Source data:
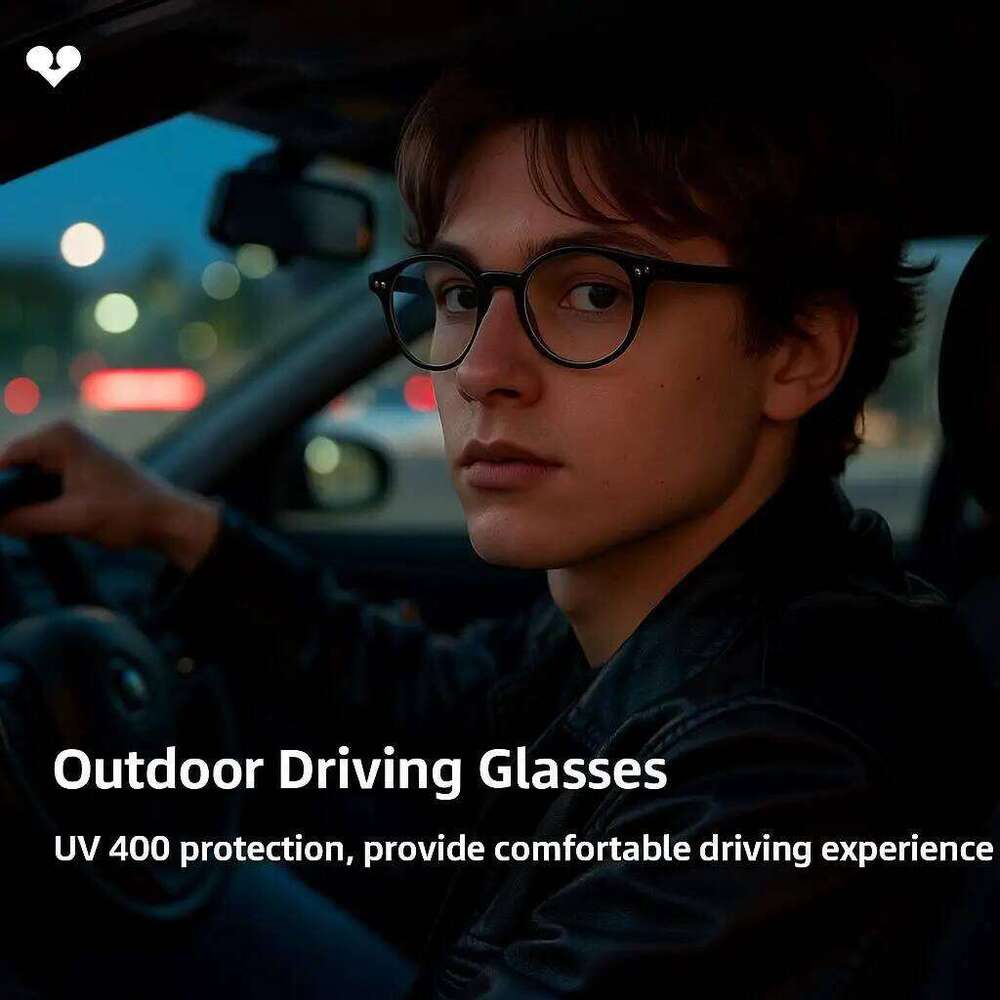 Blue Light Glasses Better Sleep Men Women Anti Eye Strain Protection Computer Screens and Gaming Sunglasses for Driving H260202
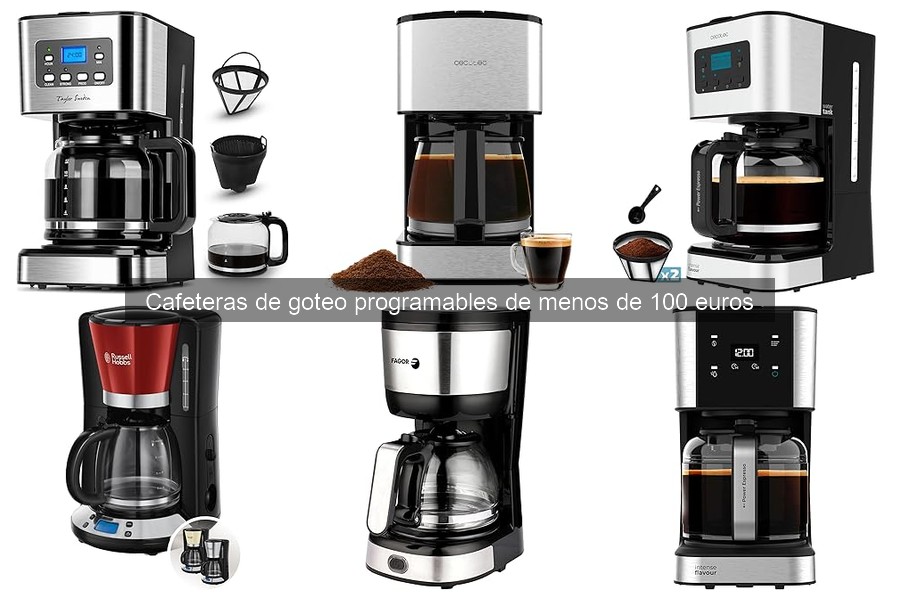 ** Ventajas y desventajas de las cafeteras de goteo programables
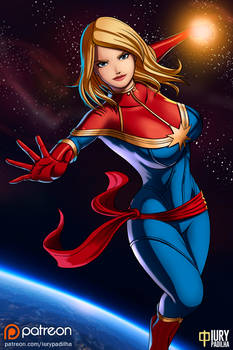 Patreon: Captain Marvel MvC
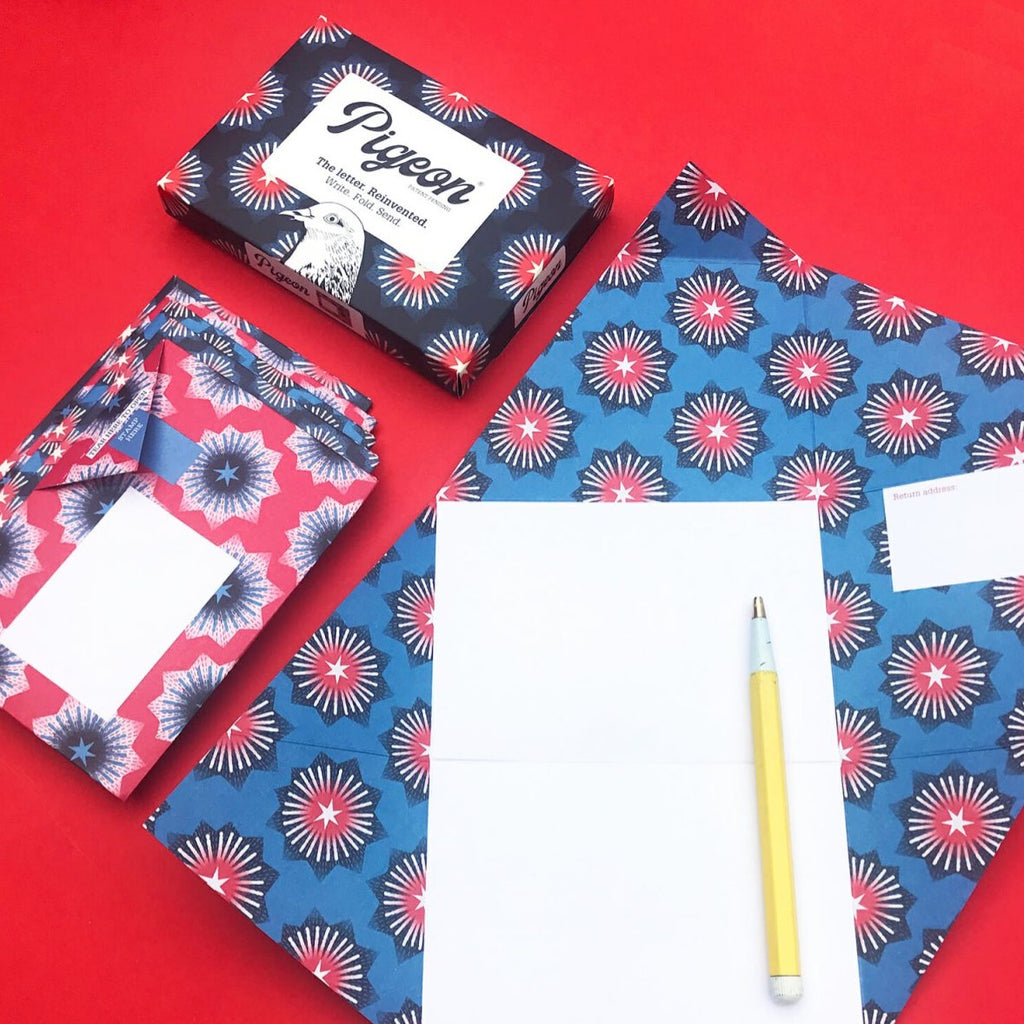 Pigeon Posted ‘Starburst’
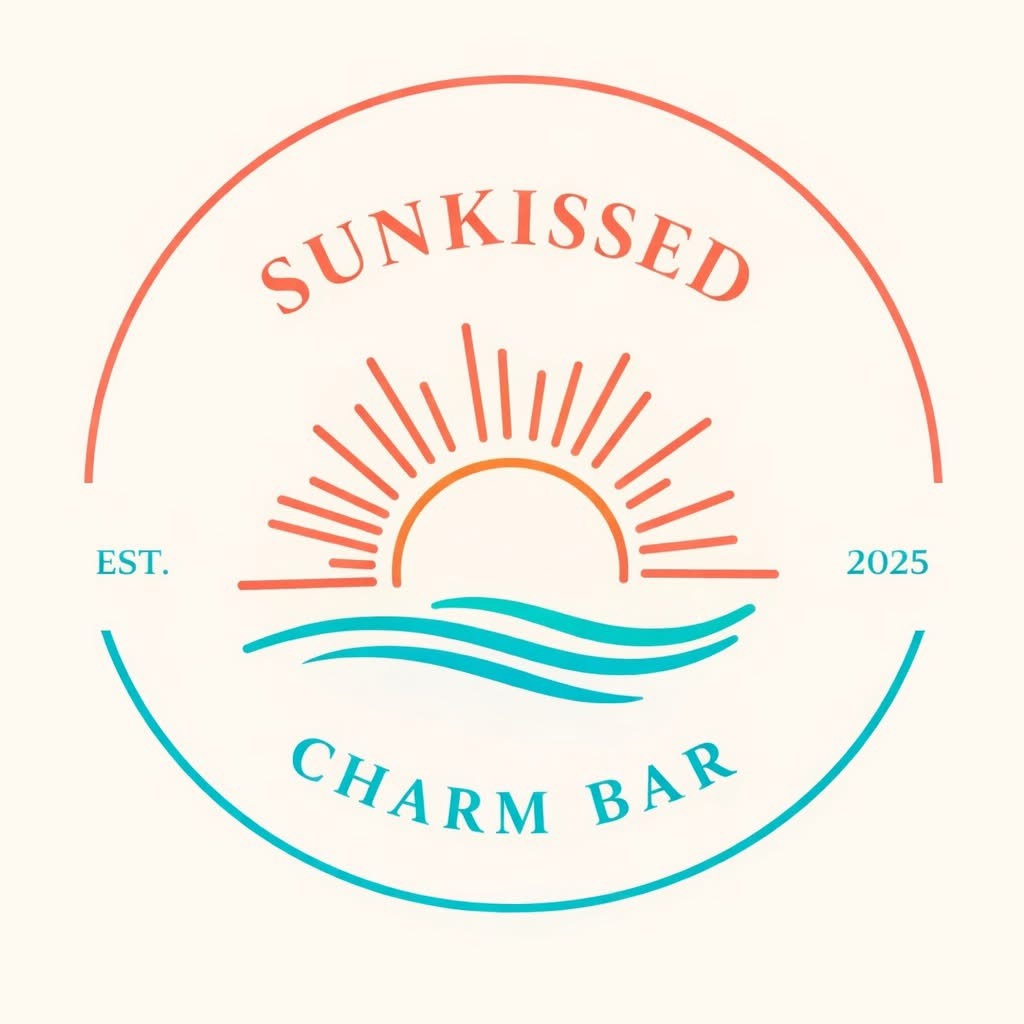 Sunkissed Charm Bar Logo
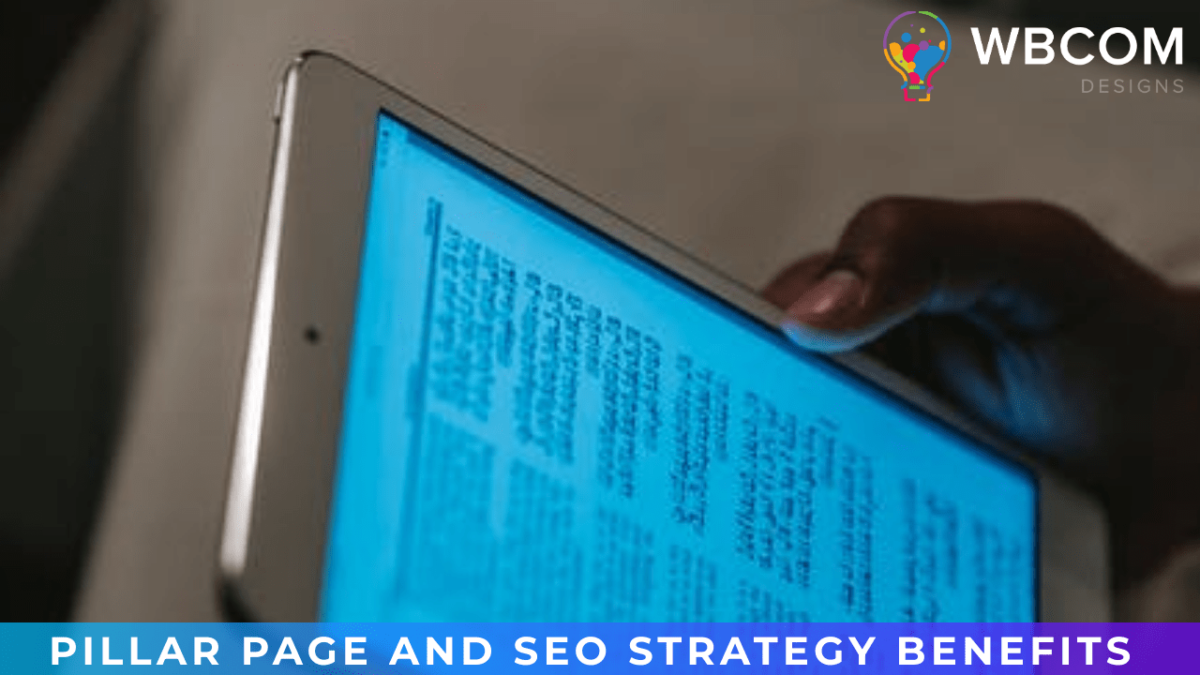Pillar Page And SEO Strategy Benefits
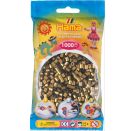 Hama® Bügelperlen Midi - Bronze 1000 Perlen.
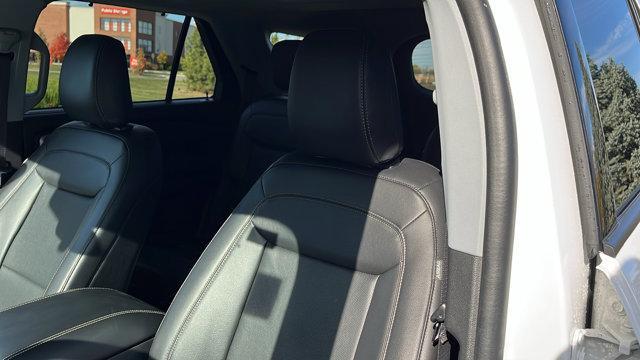 used 2022 Ford Explorer car, priced at $34,425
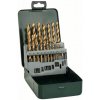 BOSCH 19-dielna súprava vrtákov do kovu HSS-TiN 2607019437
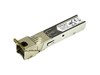 StarTech.com Gigabit Copper SFP Transceiver Module 1000Base-T, RJ45, HP 453154-B21 Compatible (100m)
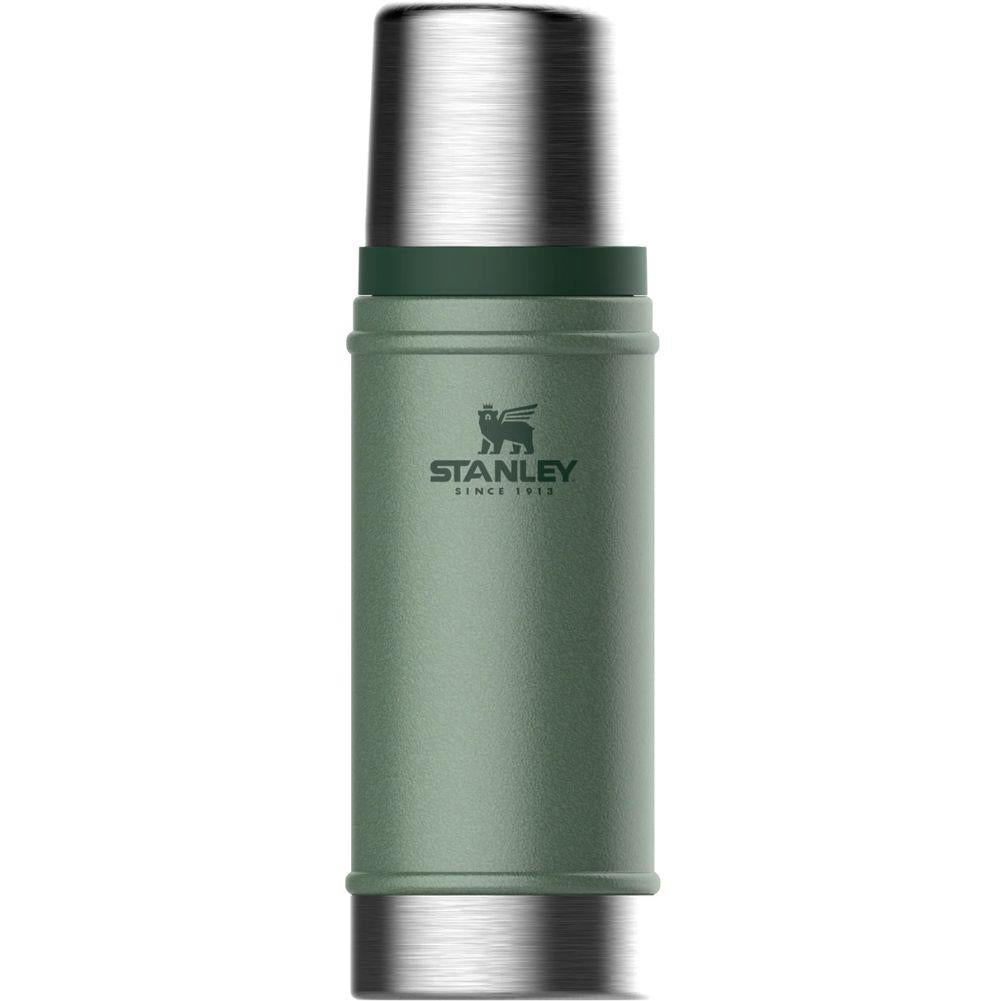 Stanley Classic Legendary Bottle 0.47L Flask (Hammertone Green) front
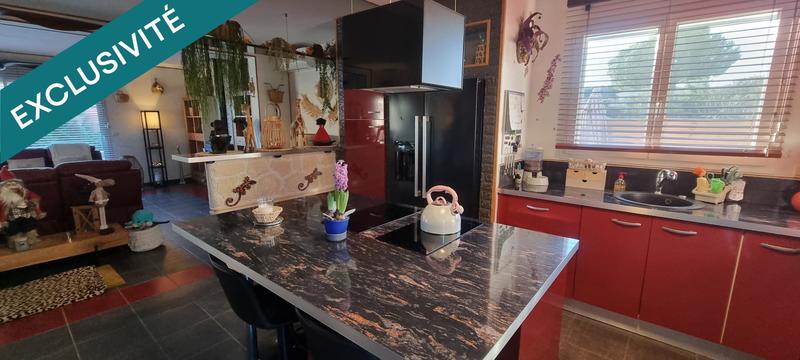 Maison - 148 m² - 5 pièces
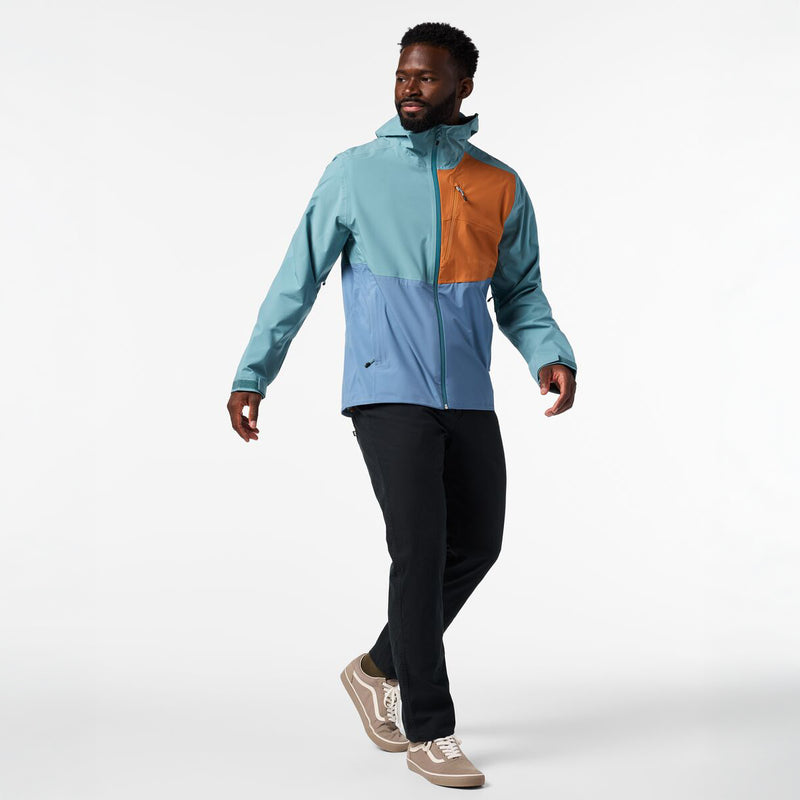 Impermeo 3L Hooded Shell Jacket - Mens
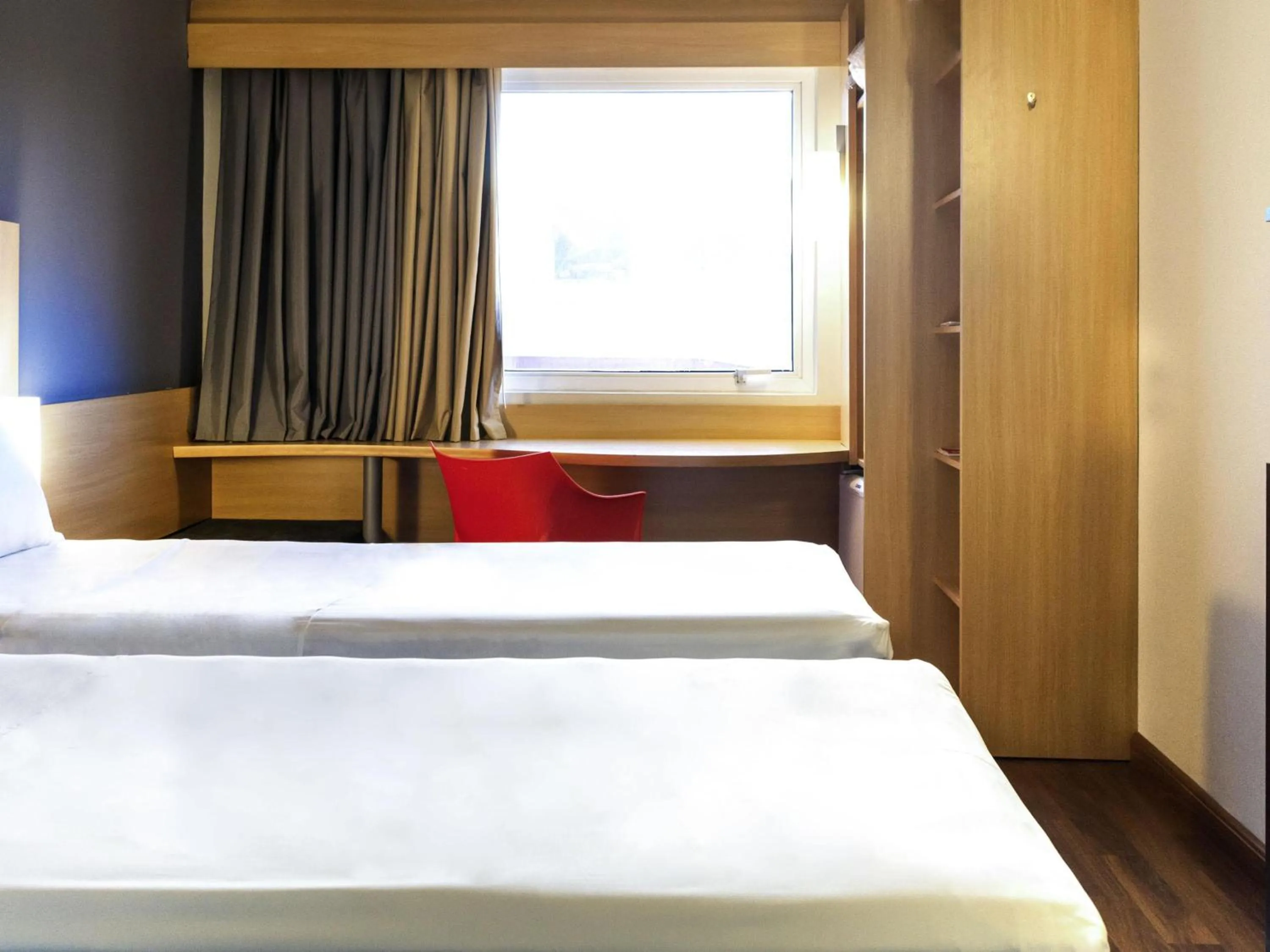 Bedroom, Bed in ibis Sao Jose dos Campos Dutra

Activity:
Transcribe every entry exactly, omitting pictures.

Expected output:
 Blue Light Glasses Better Sleep Men Women Anti Eye Strain Protection Computer Screens and Gaming Sunglasses for Driving H260202
 ** Ventajas y desventajas de las cafeteras de goteo programables
 Patreon: Captain Marvel MvC
 Pigeon Posted ‘Starburst’
 Sunkissed Charm Bar Logo
Pillar Page And SEO Strategy Benefits
 Hama® Bügelperlen Midi - Bronze 1000 Perlen.
 used 2022 Ford Explorer car, priced at $34,425
 BOSCH 19-dielna súprava vrtákov do kovu HSS-TiN 2607019437
 StarTech.com Gigabit Copper SFP Transceiver Module 1000Base-T, RJ45, HP 453154-B21 Compatible (100m)
 Stanley Classic Legendary Bottle 0.47L Flask (Hammertone Green) front
 Maison - 148 m² - 5 pièces
 Impermeo 3L Hooded Shell Jacket - Mens
 Bedroom, Bed in ibis Sao Jose dos Campos Dutra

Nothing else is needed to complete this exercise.